**Goal of the exercise**.
All of the listing should be returned as written, apart from any picture in it.

**Input data**.
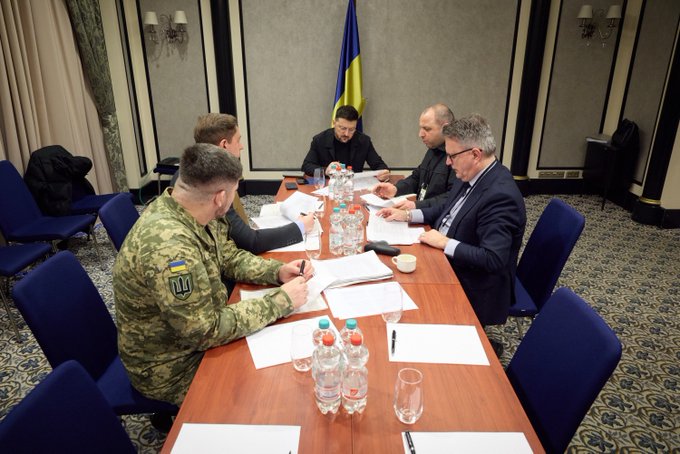 Volodymyr Zelensky : « La sécurité repose sur des garanties fiables » – Kiev se prépare à des négociations cruciales avec les États-Unis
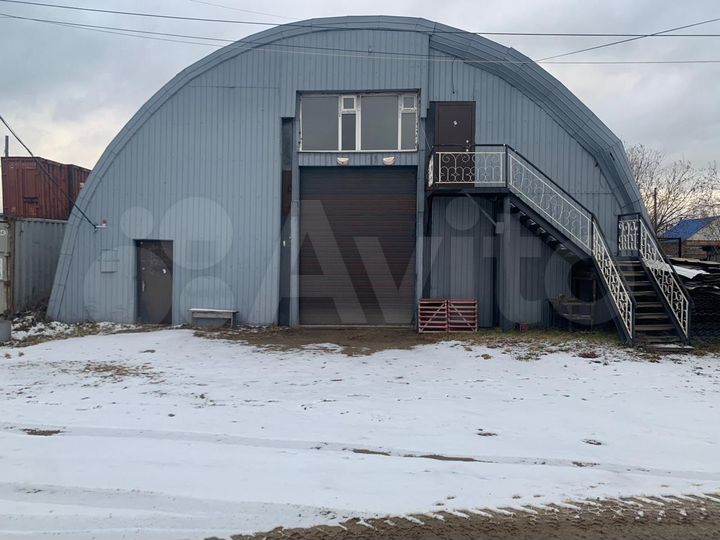 Гараж, > 30 м²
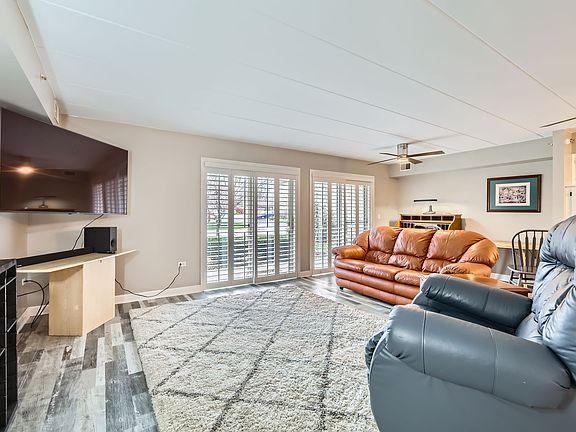 3rd image of 12799 Saint Andrews Ct APT 101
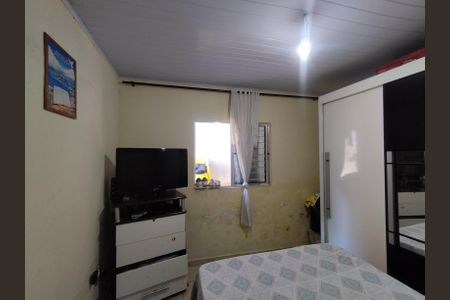 Casa à venda com 335m², 2 quartos e 4 vagasQuarto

**Written solution**.
 Volodymyr Zelensky : « La sécurité repose sur des garanties fiables » – Kiev se prépare à des négociations cruciales avec les États-Unis
 Гараж, > 30 м²
 3rd image of 12799 Saint Andrews Ct APT 101
 Casa à venda com 335m², 2 quartos e 4 vagasQuarto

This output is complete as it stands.